• [DIRECTIONS FOR THIS TASK]: Reproduce everything from the line that contains "십분정도만에 만든거같아요!! 간단하게 겨울분위기 내기 딱 좋은거같아요!" down to the line that contains "Chevrolet Malibu Vehicle" in the listing below, word for word and nothing more. Leave the pictures out.

(Beginning of DATA FOR REVIEW)

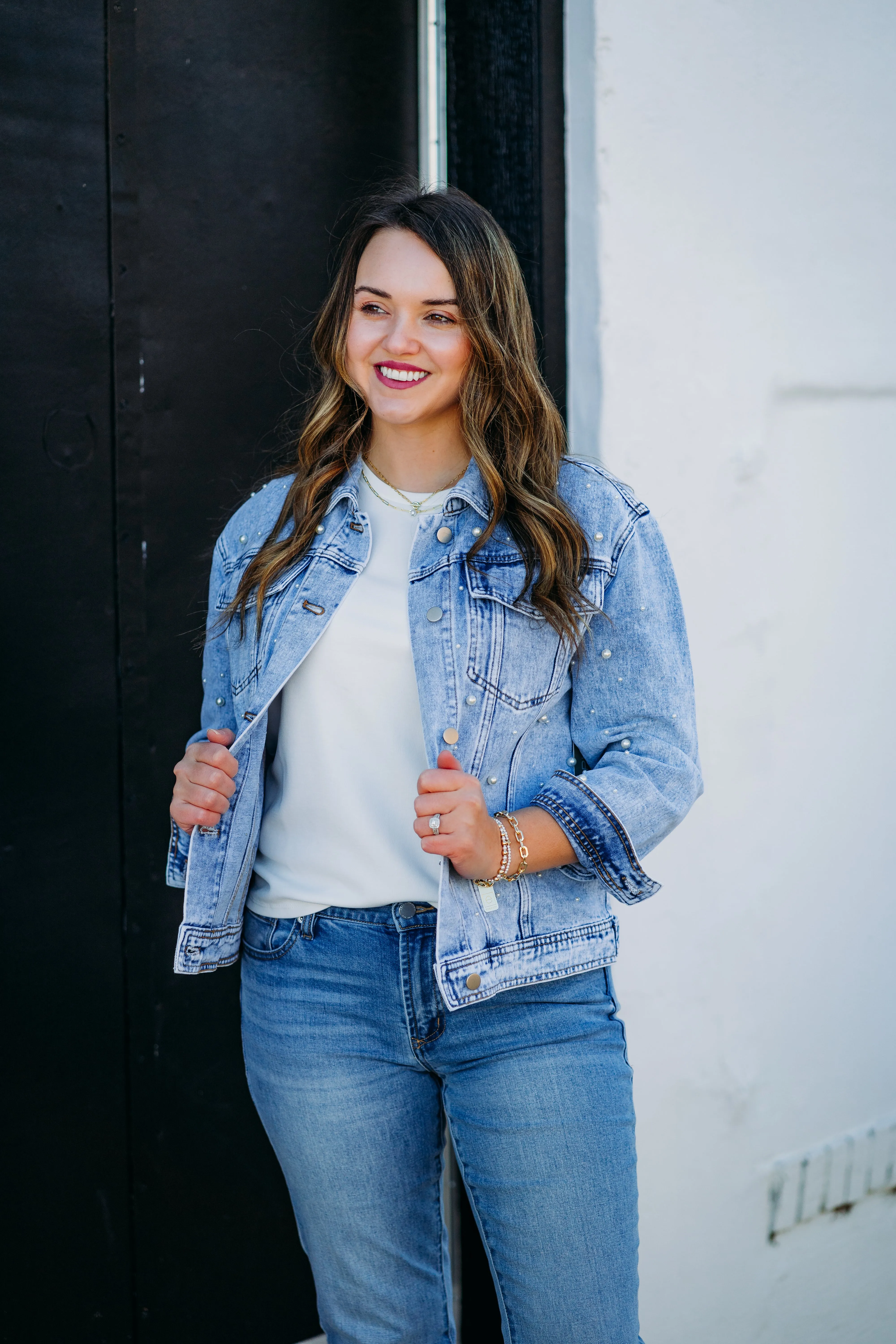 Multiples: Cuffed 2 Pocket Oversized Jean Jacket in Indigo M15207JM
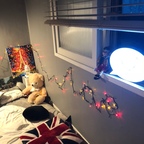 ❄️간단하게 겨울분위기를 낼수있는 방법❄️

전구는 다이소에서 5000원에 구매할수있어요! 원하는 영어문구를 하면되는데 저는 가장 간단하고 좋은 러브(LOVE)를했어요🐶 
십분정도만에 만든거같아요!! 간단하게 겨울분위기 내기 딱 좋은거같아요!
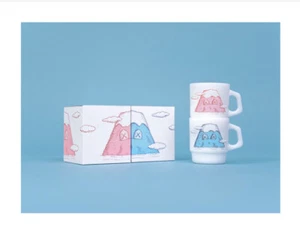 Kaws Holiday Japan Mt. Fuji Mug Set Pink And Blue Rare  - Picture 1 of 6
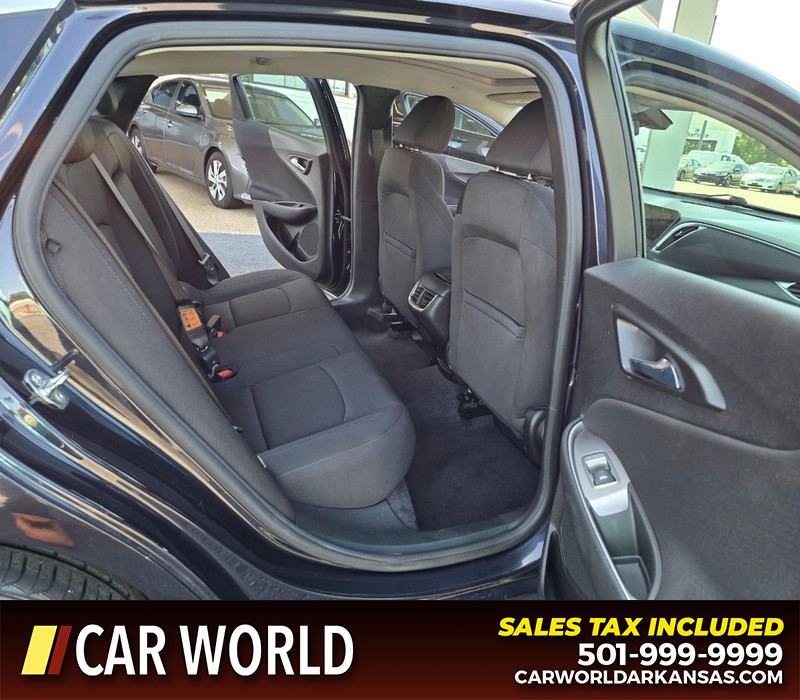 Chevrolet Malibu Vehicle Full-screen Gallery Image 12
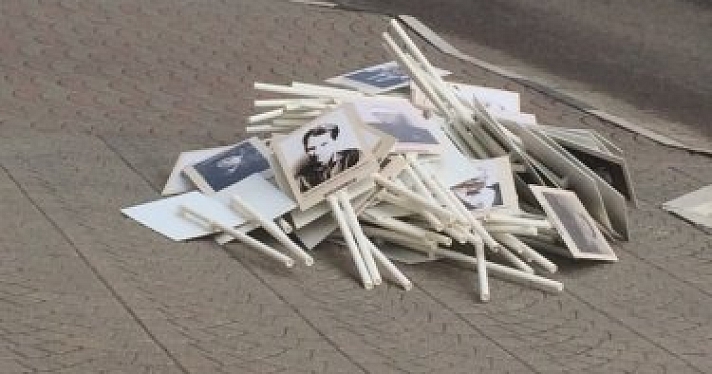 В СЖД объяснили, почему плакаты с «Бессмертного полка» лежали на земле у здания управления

(End of DATA FOR REVIEW)

• [RESPONSE TO THE EXERCISE]:
십분정도만에 만든거같아요!! 간단하게 겨울분위기 내기 딱 좋은거같아요!
 Kaws Holiday Japan Mt. Fuji Mug Set Pink And Blue Rare  - Picture 1 of 6
 Chevrolet Malibu Vehicle Full-screen Gallery Image 12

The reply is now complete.